Lifestyle modifications are a mainstay of treating PCOS, even more so for those wishing to take a conservative approach or who are unable to tolerate pharmacologic therapy. A ketogenic diet is one option for addressing dietary change. Even though PCOS is a chronic condition, a 12-week ketogenic diet has been shown to be beneficial for overweight or obese PCOS patients, especially with insulin resistance and while trying to conceive.
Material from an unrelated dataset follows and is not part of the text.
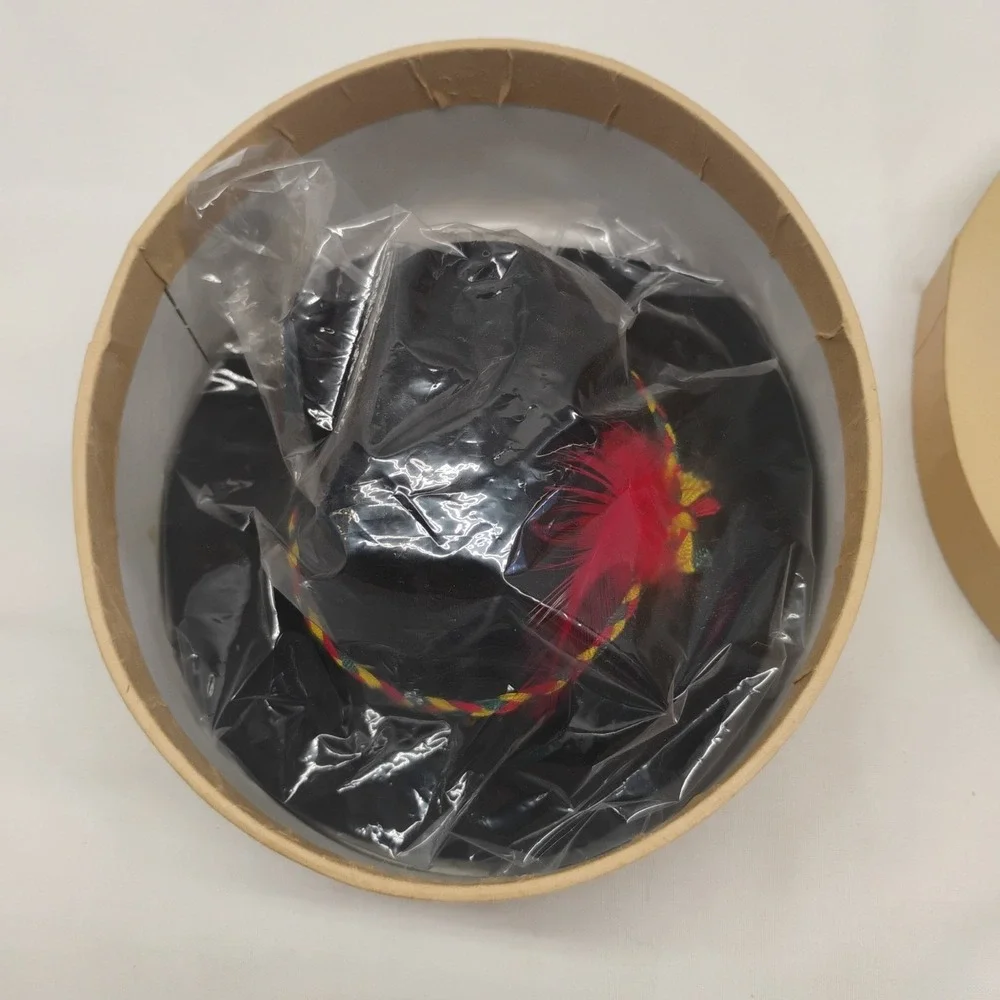 RODEO HAT COMPANY Department 56  Item #1489 3  Hat Ornament Original Box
The main goals of a 12-week ketogenic diet for these patients are weight loss, improved insulin sensitivity, return to menstrual cycle regularity, improved LH/FSH ratios, increased SHBG, decreased testosterone, androstenedione, and HOMA–IR. Therefore, clinicians can discuss with their overweight or obese PCOS patients the advantages and disadvantages of adopting a ketogenic diet for 12 weeks, particularly with the goal of improving biochemical measures and reducing the severity of symptoms of PCOS with non-pharmacological treatment.